▼▼▼
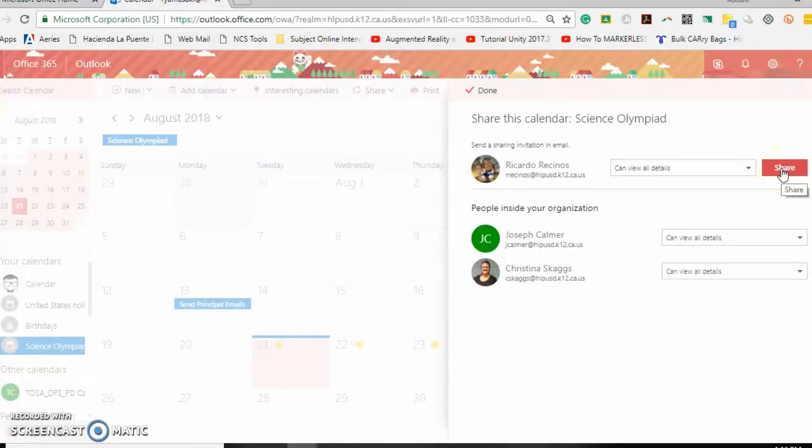Select share and a notification will be sent to that teacher.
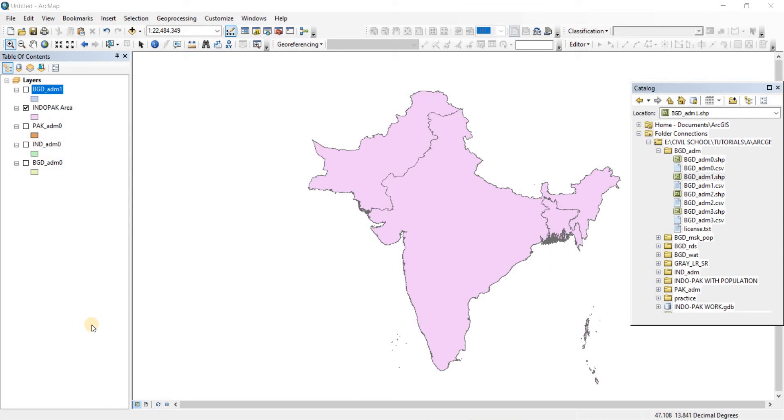In this video we're going to see how we can dissolve shapefiles in ArcGIS. So dissolve is another tool in the geoprocessing window. We're going to try to do that.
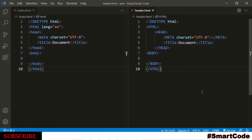The topic of this video is: should we use uppercase or lowercase letters for HTML tags, and which one is better to use? As you know, HTML is case-insensitive, which means you can write HTML code in uppercase or in lowercase. The browser has no issue with either case.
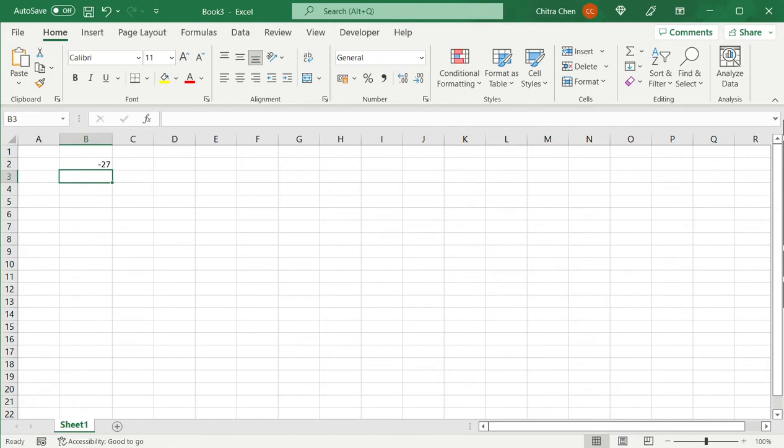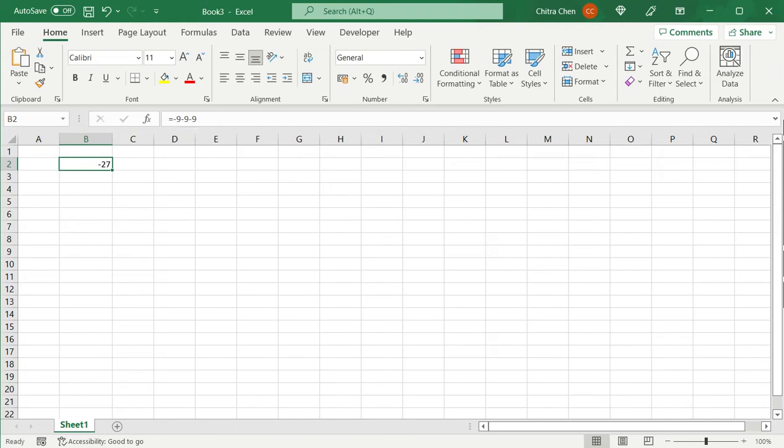When I press enter, Excel assumes that I'm trying to perform some arithmetic operation because the first number starts with a minus sign. So it treats it like a number and it does an arithmetic operation - it shows minus 9 minus 9 minus 9. Now this is not what I wanted.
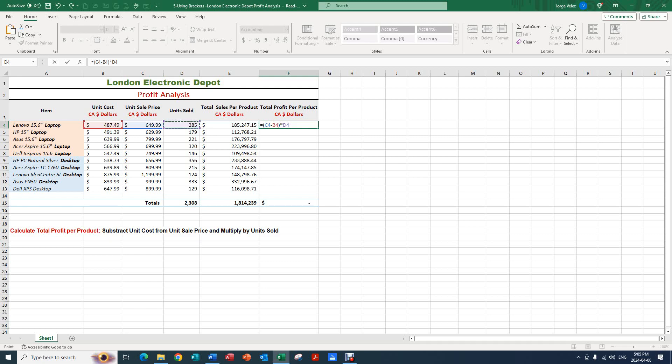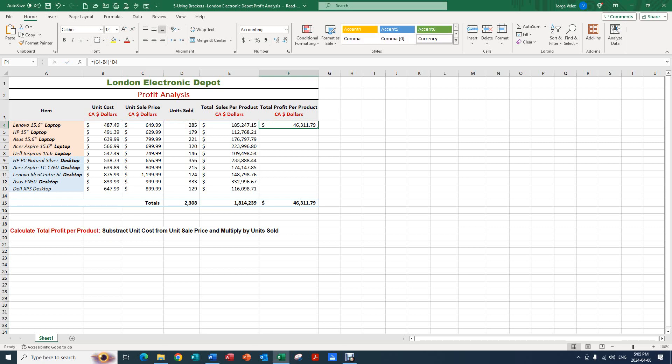Next we want to copy our formula downward, so we're going to go to the top left corner and select the check mark to stay in this cell. Now we have the result which represents the total profit per product in Canadian dollars.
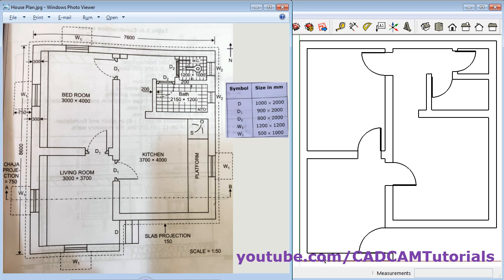Now all the doors have been created. In the next lecture we will learn how to create windows. Thanks for watching, we will stop here.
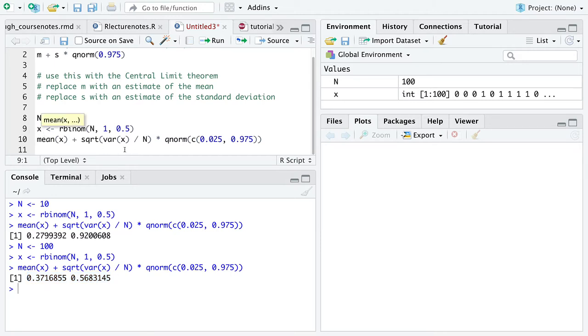That turns out to be a pretty powerful technique that we will see again and again in the world of applied statistics. Thanks.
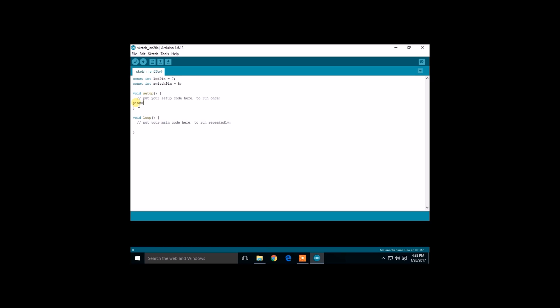Now let's set up the pin mode commands. The switch pin is the input. The LED pin is our output.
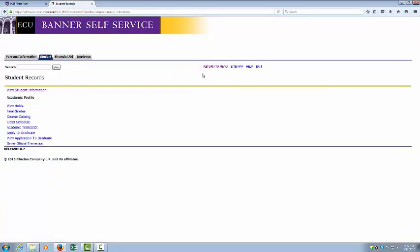From the Main Menu, you can also view any holds that are on your account, check your final grades, view the course catalog and class schedule, view your degree evaluation record, and request your academic transcripts.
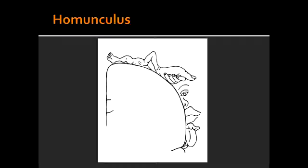neck, brow, eyelids and eyeball, face, and you have the lips, jaw, tongue, and swallowing. The homunculus also represents the area of vocalization, salivation, and mastication.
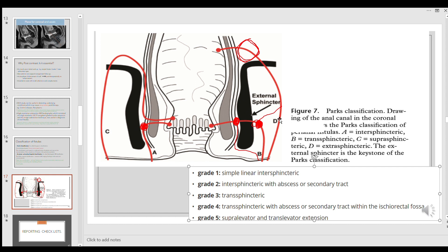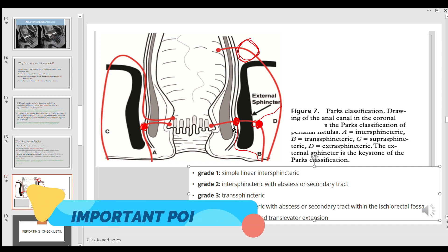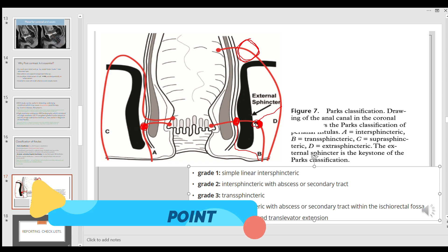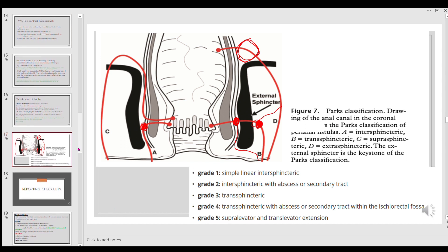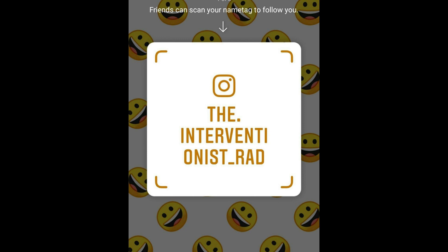Supra-levator extension is considered when there is an intrapelvic pathology above the levator. When you have a collection in the inter-sphincteric space with a collection also in the extra-sphincteric space — in the ischio-rectal fossa — that drains through the inter-sphincteric plane, classify it as a complex fistula because it crosses the external sphincter. This is the end of Part 1. We will discuss cases in Part 2, which will complete the MRI fistulogram series. Thank you — do continue watching, subscribe, share, and follow us on our Instagram handle.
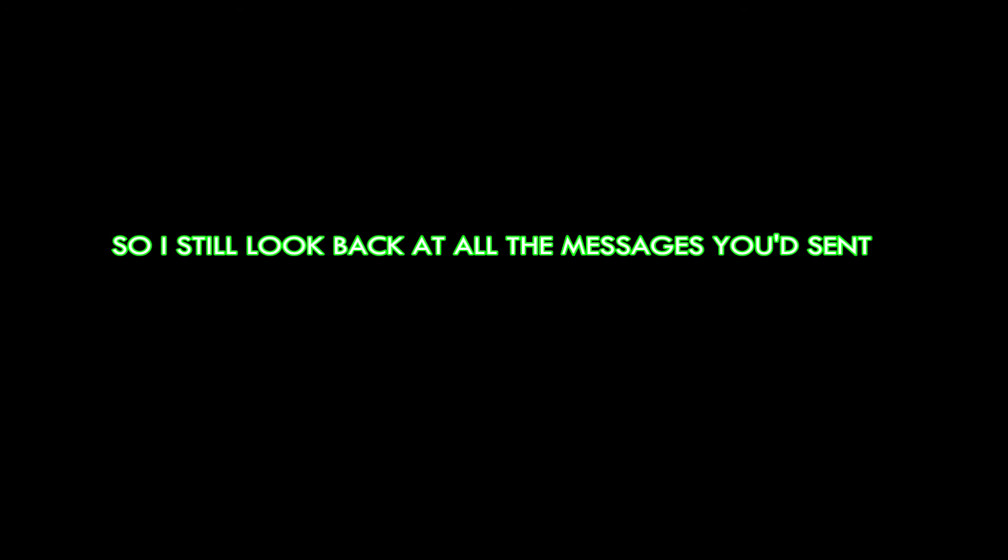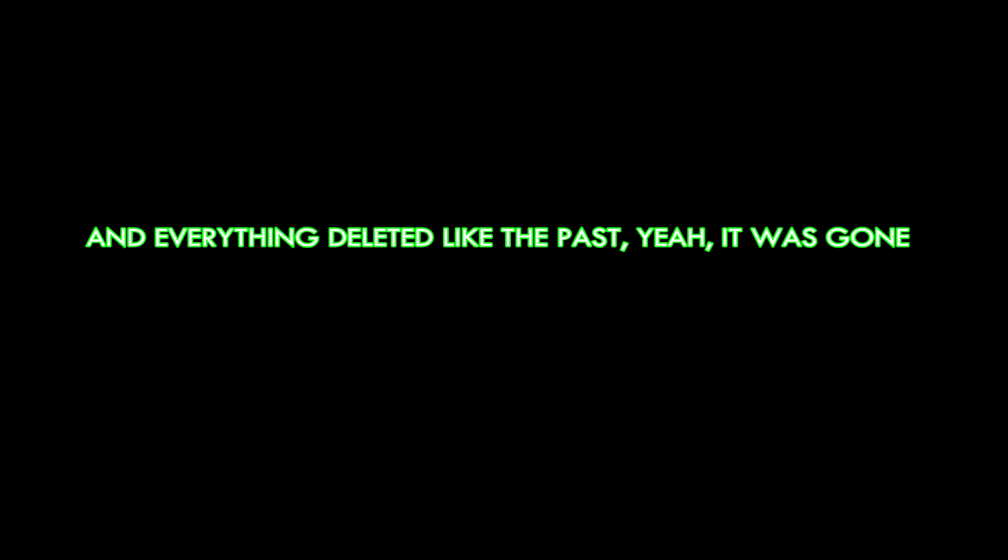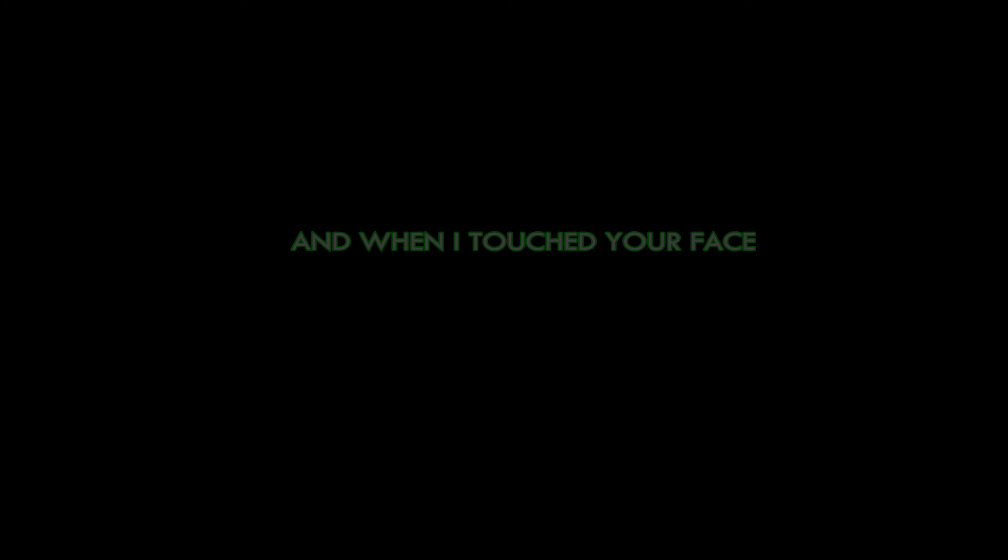So I still look back at all the messages you sent. And I know it wasn't right, but it was fucking with my head. And everything deleted like the past, yeah, it was gone.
▲▲▲
● **Task brief**
Print the material word for word; images are to be left out.

● **Task solution**
Select share and a notification will be sent to that teacher.
In this video we're going to see how we can dissolve shapefiles in ArcGIS. So dissolve is another tool in the geoprocessing window. We're going to try to do that.
The topic of this video is: should we use uppercase or lowercase letters for HTML tags, and which one is better to use? As you know, HTML is case-insensitive, which means you can write HTML code in uppercase or in lowercase. The browser has no issue with either case.
When I press enter, Excel assumes that I'm trying to perform some arithmetic operation because the first number starts with a minus sign. So it treats it like a number and it does an arithmetic operation - it shows minus 9 minus 9 minus 9. Now this is not what I wanted.
Next we want to copy our formula downward, so we're going to go to the top left corner and select the check mark to stay in this cell. Now we have the result which represents the total profit per product in Canadian dollars.
Now all the doors have been created. In the next lecture we will learn how to create windows. Thanks for watching, we will stop here.
That turns out to be a pretty powerful technique that we will see again and again in the world of applied statistics. Thanks.
Now let's set up the pin mode commands. The switch pin is the input. The LED pin is our output.
From the Main Menu, you can also view any holds that are on your account, check your final grades, view the course catalog and class schedule, view your degree evaluation record, and request your academic transcripts.
neck, brow, eyelids and eyeball, face, and you have the lips, jaw, tongue, and swallowing. The homunculus also represents the area of vocalization, salivation, and mastication.
Supra-levator extension is considered when there is an intrapelvic pathology above the levator. When you have a collection in the inter-sphincteric space with a collection also in the extra-sphincteric space — in the ischio-rectal fossa — that drains through the inter-sphincteric plane, classify it as a complex fistula because it crosses the external sphincter. This is the end of Part 1. We will discuss cases in Part 2, which will complete the MRI fistulogram series. Thank you — do continue watching, subscribe, share, and follow us on our Instagram handle.
So I still look back at all the messages you sent. And I know it wasn't right, but it was fucking with my head. And everything deleted like the past, yeah, it was gone.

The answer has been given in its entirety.